I am trying to fit a TensorFlow model and one my features comes in as a comma-separated string of ints (possibly empty string). The feature appears in the pretransform schema as
feature {
name: "csstring"
type: BYTES
presence {
min_fraction: 1.0
}
shape {
dim {
size: 1
}
}
}
and in the preprocessing_fn
function it is processed via
splitted = tf.squeeze(tf.strings.split(inputs["csstring"], sep=","), axis=1)
filled = tf.where(splitted=='', 'nan', splitted)

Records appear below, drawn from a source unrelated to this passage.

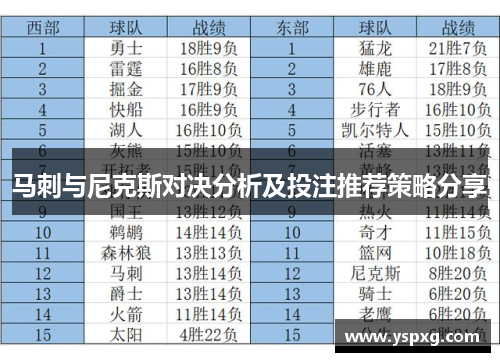 马刺与尼克斯对决分析及投注推荐策略分享
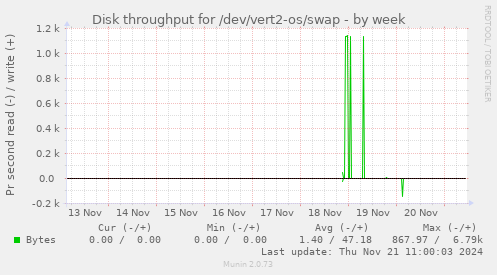 Disk throughput for /dev/vert2-os/swap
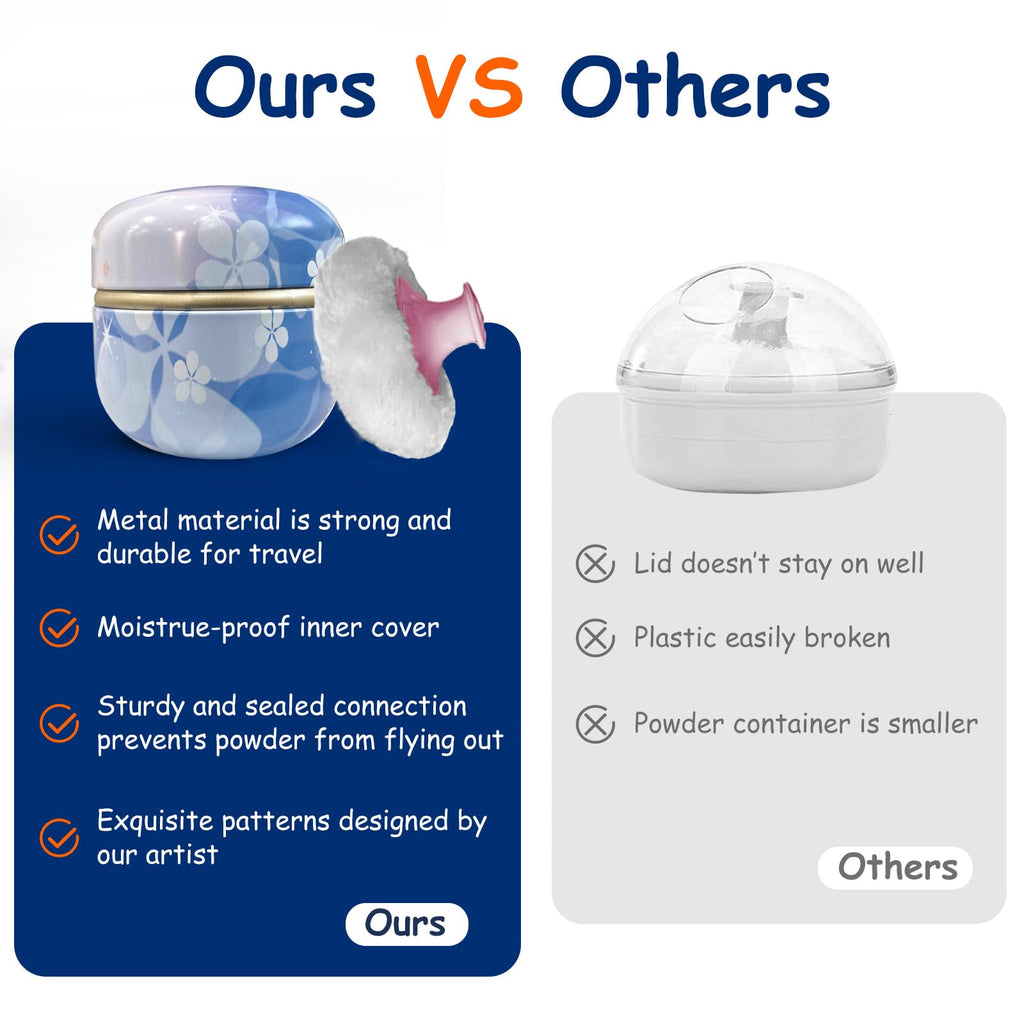 Qopoto Body Powder Puff and Container for Dusting Powder (Floral Diary)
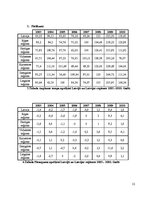 Referāts 'Bezdarba līmeņa analīze 2000.-2010.gadā', 12.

casted = tf.strings.to_number(filled)
meaned = tf.reduce_mean(casted, axis=1)
outputs["csstring"] = meaned
I have managed to load the pre-transformed examples in a notebook and apply these transformation steps to get the processed feature as the average of each list (nan
if the list is empty).
However when I run the pipeline as a whole on Kubeflow I am getting this error where the transform component fails:
ValueError: An error occured while trying to apply the transformation: "StringToNumberOp could not correctly convert string:
[[node transform/transform/StringToNumber_1 (defined at venv/lib/python3.8/site-packages/tensorflow_transform/saved/saved_transform_io.py:262) ]]
I can't see any particular string instance that would be problematic to cast, and would appreciate any ideas as to why the pipeline doesn't work.